§ **Data section**:
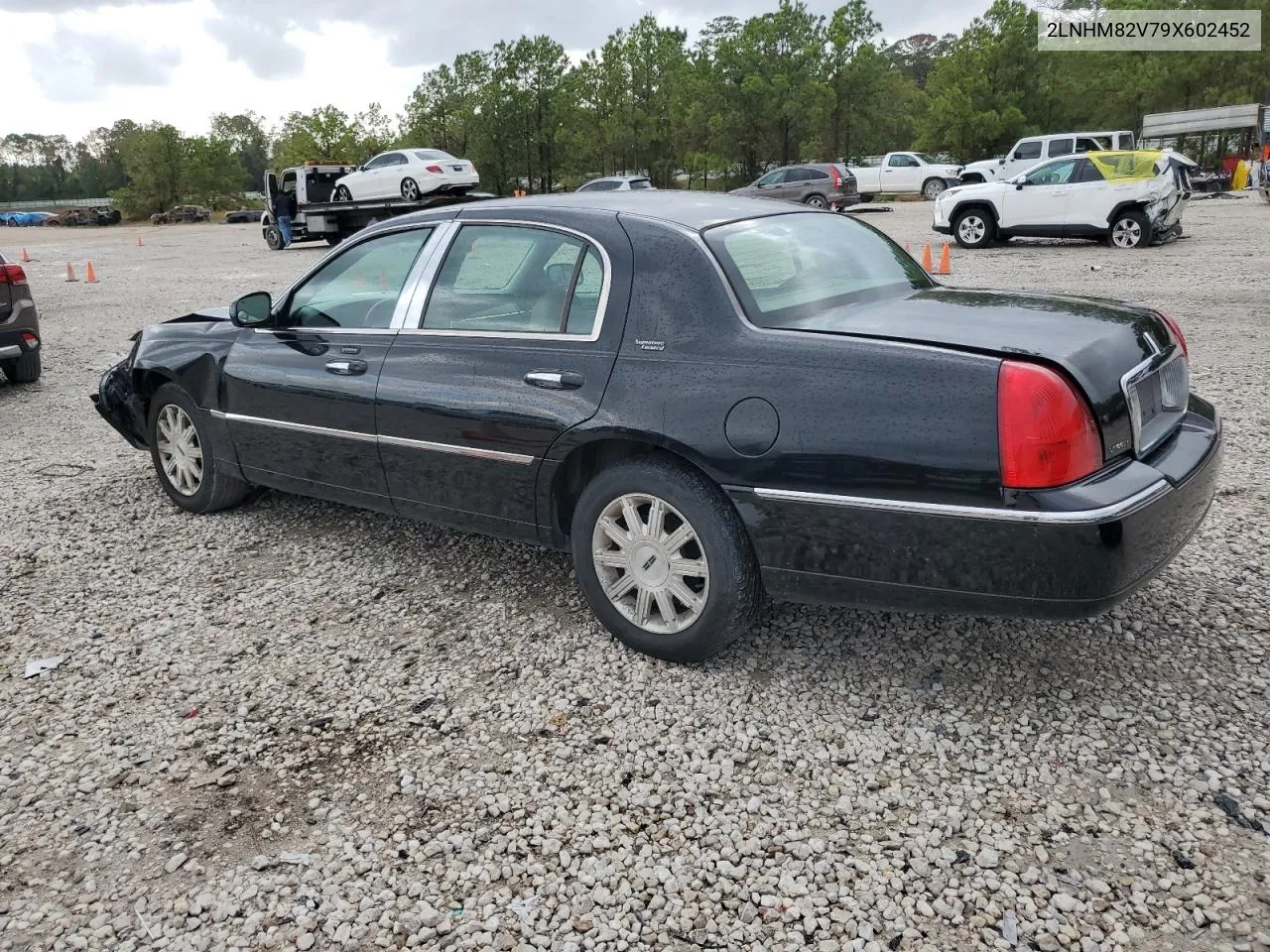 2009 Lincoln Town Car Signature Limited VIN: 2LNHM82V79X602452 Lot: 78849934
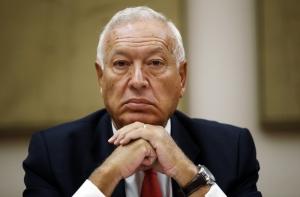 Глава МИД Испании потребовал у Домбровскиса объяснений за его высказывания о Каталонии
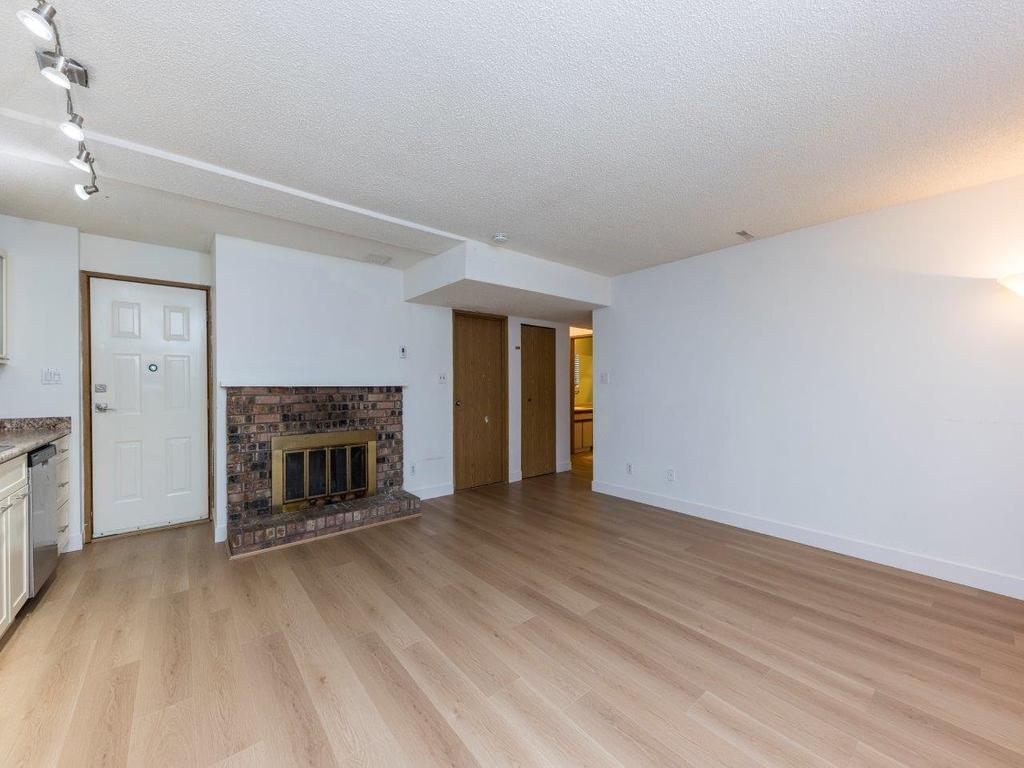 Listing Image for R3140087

§ **Exercise**:
Copy out all the data exactly. No images belong in the copy.

§ **Expected answer**:
 2009 Lincoln Town Car Signature Limited VIN: 2LNHM82V79X602452 Lot: 78849934
 Глава МИД Испании потребовал у Домбровскиса объяснений за его высказывания о Каталонии
 Listing Image for R3140087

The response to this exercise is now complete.